Bien que Galvarro ait exclu que l'entreprise soit privatisée, le ministre des Travaux publics, Mauricio Zamora, a souligné qu'une alliance public-privé n'était pas exclue pour stabiliser l'entreprise.

Selon Zamora, il existe des investisseurs et des entreprises intéressés par BoA en Argentine et au Brésil, avec lesquels il a assuré qu'il y avait déjà eu des négociations. « L'idée est que le pays conserve la majorité, ce qui est clair c'est que nous avons besoin d'une gestion privée car ils s'occuperont du centime en détail. Nous écoutons les propositions, la bonne chose est qu'il y a de l'intérêt », a-t-il déclaré dans une interview à la radio.
Dans le cadre de la réponse à la crise opérationnelle à court terme, BoA a lancé un plan d'urgence visant à stabiliser le calendrier des vols et à améliorer l'efficacité du service à court terme. « Nous avons présenté un plan d'activation immédiat, mais cela signifie que je dois obtenir 270 millions de bolivianos pour que nous ayons 13 ou 14 avions d'ici décembre, ce qui est une haute saison », a déclaré le ministre.
BoA a été créée par décret sous le gouvernement d'Evo Morales (2006-2019) et est entrée en activité en 2009 dans le but de rétablir la connectivité aérienne du pays après la disparition de Lloyd Aéreo Boliviano (LAB).
Avec la disparition de concurrents comme AeroSur et d'autres compagnies aériennes privées, BoA est devenue le principal fournisseur de vols intérieurs et est actuellement le seul à couvrir toutes les routes intérieures.

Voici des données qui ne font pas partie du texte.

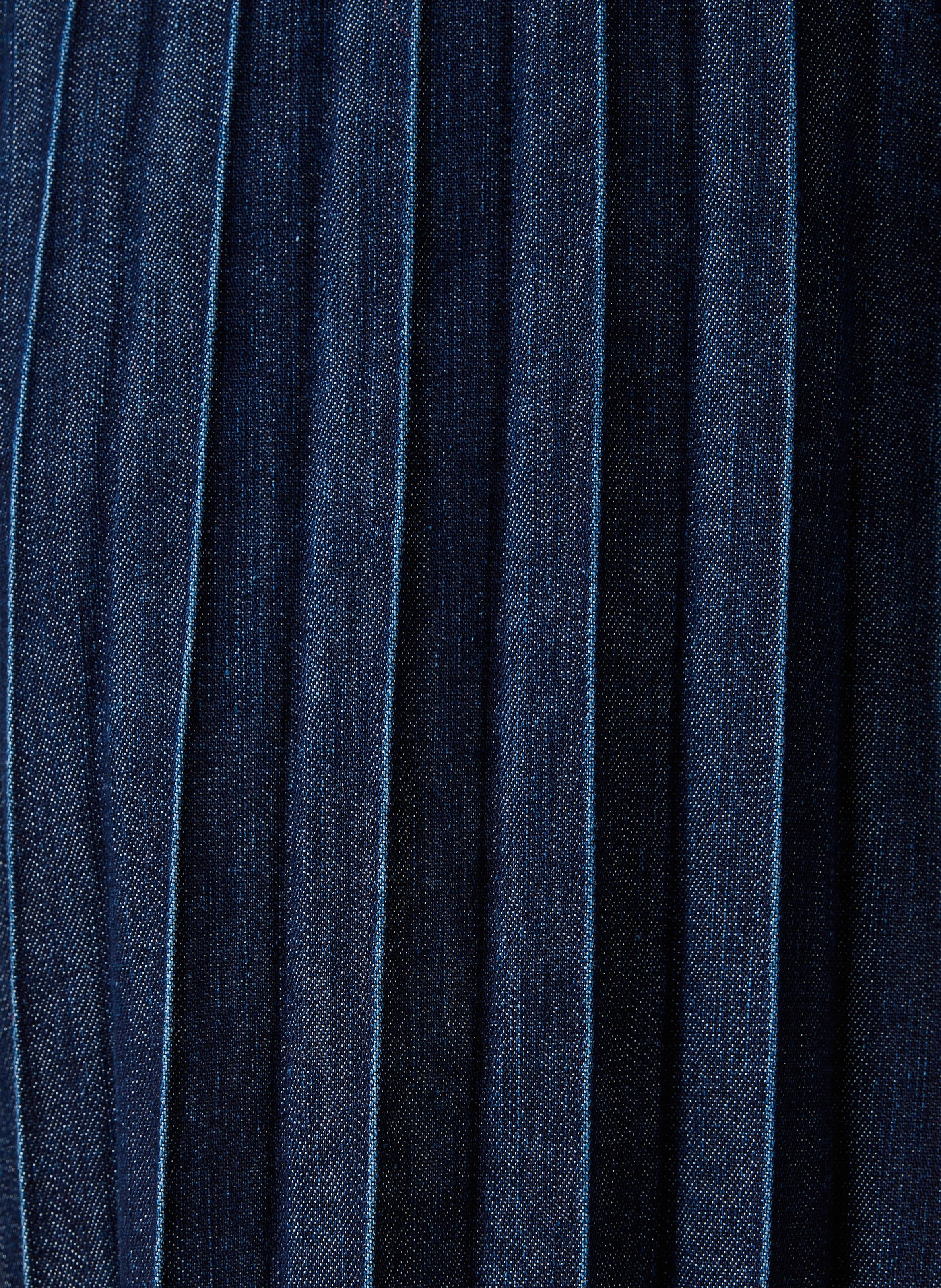 Pantalon large denim LA FEE MARABOUTEE Bleu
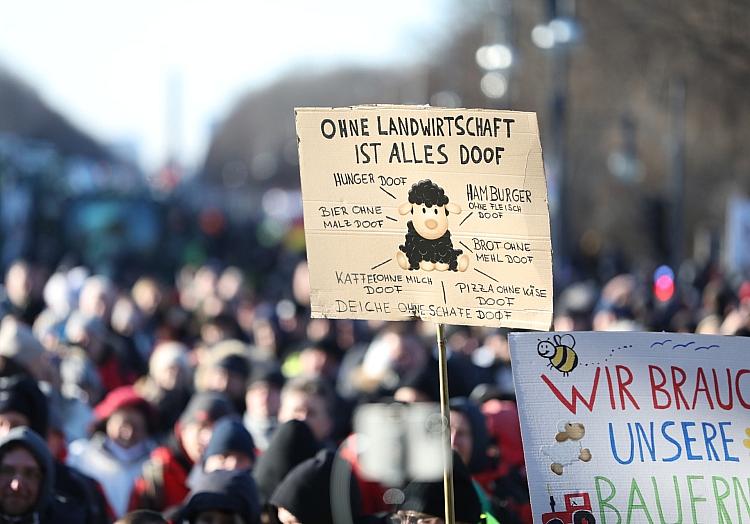 Bauernproteste am 08.01.2024, via dts Nachrichtenagentur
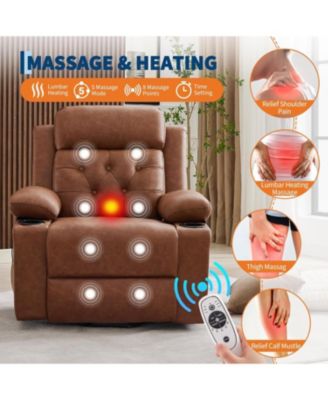 Power Lift Recliner Chair for Elderl y,Electric Lift Chair with Vibration Massage and Lumbar Heating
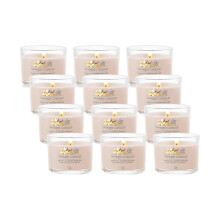 Yankee Candle Signature Votive Mini Kaars, Vanille Crème Brûlée Geur, Natuurlijke Soy Wax, 1,3 OZ Glasjar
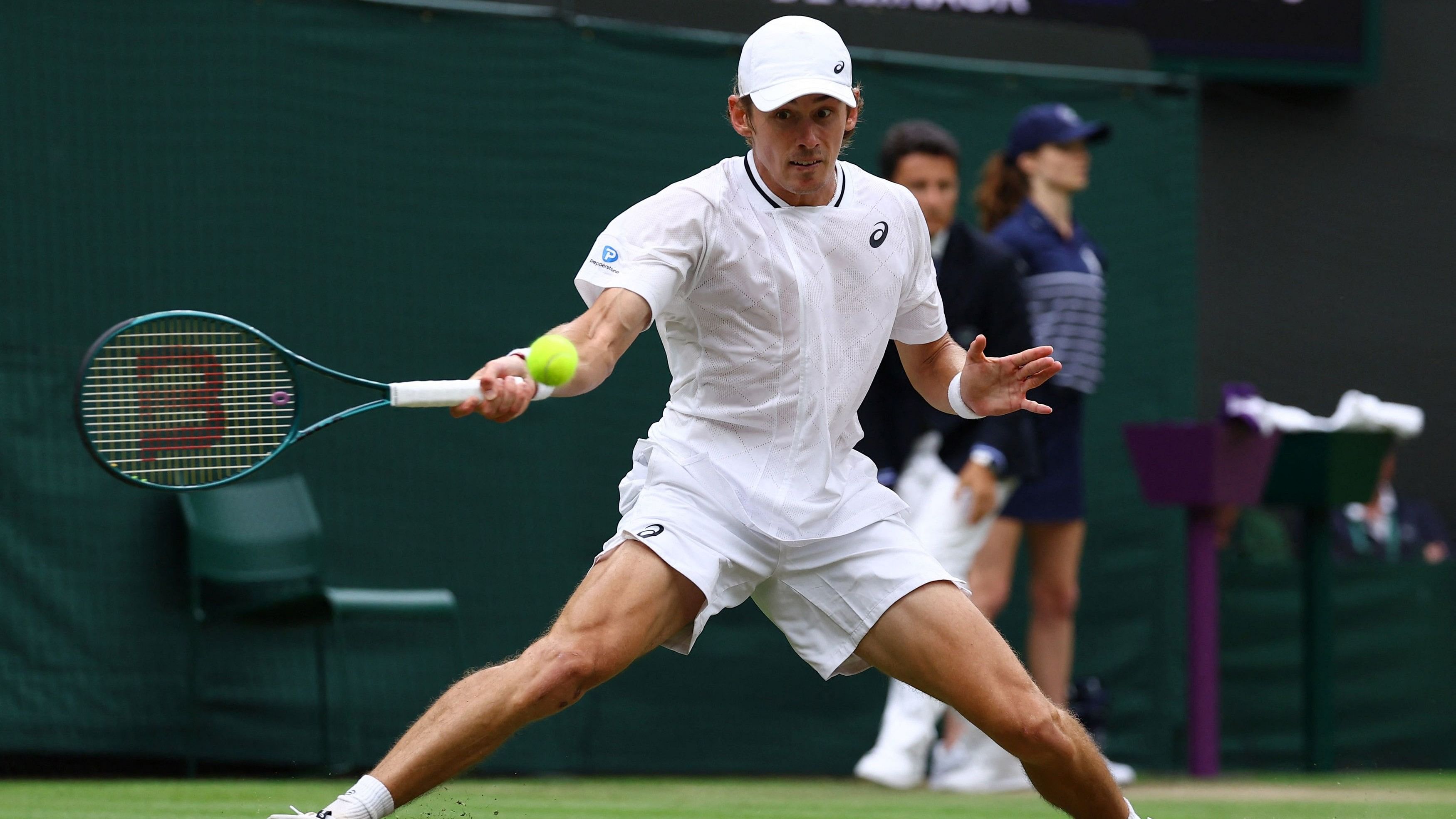 <div class="paragraphs"><p>Australia's Alex De Minaur in action during his fourth round match against France's Arthur Fils.</p></div>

Cependant, la compagnie aérienne a fait face à de vives critiques : les utilisateurs, les analystes et les autorités ont signalé des retards répétés, des annulations, des pannes techniques des avions, des défauts de maintenance, des problèmes de ponctualité et des questions sur de prétendues irrégularités administratives, ce qui soulève des doutes sur sa capacité à garantir un service fiable et sûr.
Quelques mois avant d'être inscrit comme candidat, Rodrigo Paz a déclaré dans une publication que, s'il était président, il s'engagerait à « ouvrir le ciel du pays » dès le premier jour de son gouvernement afin que « tout homme d'affaires ait une pleine sécurité juridique pour protéger ses investissements ». Cette position a été soutenue par le ministre Zamora, qui, quelques jours après son entrée en fonction, a indiqué qu'il était nécessaire de « briser le monopole » de la compagnie aérienne.
Dans ce scénario, l'évolution de la BoA dépendra de la capacité du gouvernement à obtenir les ressources nécessaires pour faire face à la crise opérationnelle et à définir la portée d'une éventuelle participation privée. Les décisions prises dans les mois à venir détermineront si l'entreprise pourra atteindre la stabilité et être compétitive sur un marché qui pourrait s'ouvrir prochainement à de nouveaux opérateurs.